## [To do]
Identify every line in the records below that contains the word "تهران", and copy each of those lines.

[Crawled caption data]
◆ ◆ ◆ ◆ ◆ ◆ ◆
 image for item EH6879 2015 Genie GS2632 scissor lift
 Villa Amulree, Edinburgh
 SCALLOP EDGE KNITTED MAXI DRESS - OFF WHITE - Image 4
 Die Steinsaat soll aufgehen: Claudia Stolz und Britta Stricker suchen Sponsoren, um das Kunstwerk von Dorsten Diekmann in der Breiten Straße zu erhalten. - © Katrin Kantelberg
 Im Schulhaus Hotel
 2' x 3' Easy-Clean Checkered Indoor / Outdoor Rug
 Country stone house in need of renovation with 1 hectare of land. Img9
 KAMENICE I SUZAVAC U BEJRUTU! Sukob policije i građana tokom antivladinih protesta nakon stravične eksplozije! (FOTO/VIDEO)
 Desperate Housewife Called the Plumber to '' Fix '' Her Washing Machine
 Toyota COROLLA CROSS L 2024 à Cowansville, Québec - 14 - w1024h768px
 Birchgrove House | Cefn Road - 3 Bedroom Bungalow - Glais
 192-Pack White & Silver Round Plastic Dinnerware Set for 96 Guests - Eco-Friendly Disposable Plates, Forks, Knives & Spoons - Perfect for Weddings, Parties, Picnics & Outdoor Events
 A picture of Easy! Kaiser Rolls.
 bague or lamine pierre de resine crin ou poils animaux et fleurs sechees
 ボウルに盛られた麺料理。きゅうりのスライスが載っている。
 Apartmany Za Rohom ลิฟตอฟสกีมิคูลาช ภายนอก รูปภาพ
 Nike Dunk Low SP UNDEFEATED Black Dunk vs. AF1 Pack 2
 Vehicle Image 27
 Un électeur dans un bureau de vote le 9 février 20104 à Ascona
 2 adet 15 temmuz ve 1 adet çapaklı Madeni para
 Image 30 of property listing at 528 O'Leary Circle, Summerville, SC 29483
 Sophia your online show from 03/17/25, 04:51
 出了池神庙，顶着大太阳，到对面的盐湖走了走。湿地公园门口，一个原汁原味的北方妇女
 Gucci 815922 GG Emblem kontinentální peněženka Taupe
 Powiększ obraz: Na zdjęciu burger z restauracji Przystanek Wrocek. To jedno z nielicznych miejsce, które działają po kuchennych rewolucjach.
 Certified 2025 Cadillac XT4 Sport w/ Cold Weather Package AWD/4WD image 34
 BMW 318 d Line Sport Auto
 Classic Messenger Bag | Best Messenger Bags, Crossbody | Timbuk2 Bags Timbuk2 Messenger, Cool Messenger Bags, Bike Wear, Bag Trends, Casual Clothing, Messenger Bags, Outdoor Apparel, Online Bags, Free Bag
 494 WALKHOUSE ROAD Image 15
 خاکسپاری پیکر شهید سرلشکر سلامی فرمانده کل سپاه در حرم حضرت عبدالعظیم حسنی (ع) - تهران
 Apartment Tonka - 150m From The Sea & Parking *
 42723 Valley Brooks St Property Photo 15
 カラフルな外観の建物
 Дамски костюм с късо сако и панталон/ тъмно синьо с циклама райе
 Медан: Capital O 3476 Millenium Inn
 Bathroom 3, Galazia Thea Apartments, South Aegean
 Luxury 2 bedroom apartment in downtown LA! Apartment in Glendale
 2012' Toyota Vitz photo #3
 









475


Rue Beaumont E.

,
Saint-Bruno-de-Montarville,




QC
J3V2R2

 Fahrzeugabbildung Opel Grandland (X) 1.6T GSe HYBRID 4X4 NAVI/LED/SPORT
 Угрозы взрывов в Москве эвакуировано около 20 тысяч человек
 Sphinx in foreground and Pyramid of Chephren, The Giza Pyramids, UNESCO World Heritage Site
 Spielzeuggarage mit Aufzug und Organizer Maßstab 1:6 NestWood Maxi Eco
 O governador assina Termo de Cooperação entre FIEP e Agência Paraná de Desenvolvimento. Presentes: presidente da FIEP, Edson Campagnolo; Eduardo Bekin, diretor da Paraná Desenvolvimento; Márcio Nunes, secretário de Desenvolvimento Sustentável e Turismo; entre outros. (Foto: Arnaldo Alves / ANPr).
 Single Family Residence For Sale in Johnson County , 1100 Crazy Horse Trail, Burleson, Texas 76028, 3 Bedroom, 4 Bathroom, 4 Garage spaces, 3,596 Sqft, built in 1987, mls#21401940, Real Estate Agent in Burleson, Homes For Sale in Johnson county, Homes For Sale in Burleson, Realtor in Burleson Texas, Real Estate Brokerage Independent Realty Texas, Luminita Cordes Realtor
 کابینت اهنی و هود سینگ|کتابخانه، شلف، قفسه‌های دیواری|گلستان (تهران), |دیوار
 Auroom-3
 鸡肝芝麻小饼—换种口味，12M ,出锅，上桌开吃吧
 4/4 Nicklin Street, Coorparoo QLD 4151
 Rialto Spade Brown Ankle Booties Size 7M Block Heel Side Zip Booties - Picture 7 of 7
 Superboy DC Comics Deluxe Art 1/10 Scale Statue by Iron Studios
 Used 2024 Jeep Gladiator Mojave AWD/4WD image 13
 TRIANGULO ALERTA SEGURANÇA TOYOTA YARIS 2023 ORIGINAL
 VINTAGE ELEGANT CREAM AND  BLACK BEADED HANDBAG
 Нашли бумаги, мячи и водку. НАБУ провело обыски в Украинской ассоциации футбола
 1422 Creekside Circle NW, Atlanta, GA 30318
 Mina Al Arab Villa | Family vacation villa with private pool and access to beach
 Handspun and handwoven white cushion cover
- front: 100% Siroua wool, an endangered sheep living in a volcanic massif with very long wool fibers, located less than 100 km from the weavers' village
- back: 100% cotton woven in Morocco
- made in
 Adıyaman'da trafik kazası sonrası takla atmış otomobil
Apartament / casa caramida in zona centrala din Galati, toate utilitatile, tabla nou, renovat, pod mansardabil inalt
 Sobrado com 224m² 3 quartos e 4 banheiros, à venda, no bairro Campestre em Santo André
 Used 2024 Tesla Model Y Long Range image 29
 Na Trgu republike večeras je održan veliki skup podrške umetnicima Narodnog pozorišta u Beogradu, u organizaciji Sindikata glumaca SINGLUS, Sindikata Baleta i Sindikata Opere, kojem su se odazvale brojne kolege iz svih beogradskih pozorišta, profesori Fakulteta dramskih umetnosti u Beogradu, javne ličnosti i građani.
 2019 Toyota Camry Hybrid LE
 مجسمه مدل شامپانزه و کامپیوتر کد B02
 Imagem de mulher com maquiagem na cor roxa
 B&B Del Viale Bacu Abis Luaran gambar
◆ ◆ ◆ ◆ ◆ ◆ ◆
## [Finished exercise]
 خاکسپاری پیکر شهید سرلشکر سلامی فرمانده کل سپاه در حرم حضرت عبدالعظیم حسنی (ع) - تهران
 کابینت اهنی و هود سینگ|کتابخانه، شلف، قفسه‌های دیواری|گلستان (تهران), |دیوار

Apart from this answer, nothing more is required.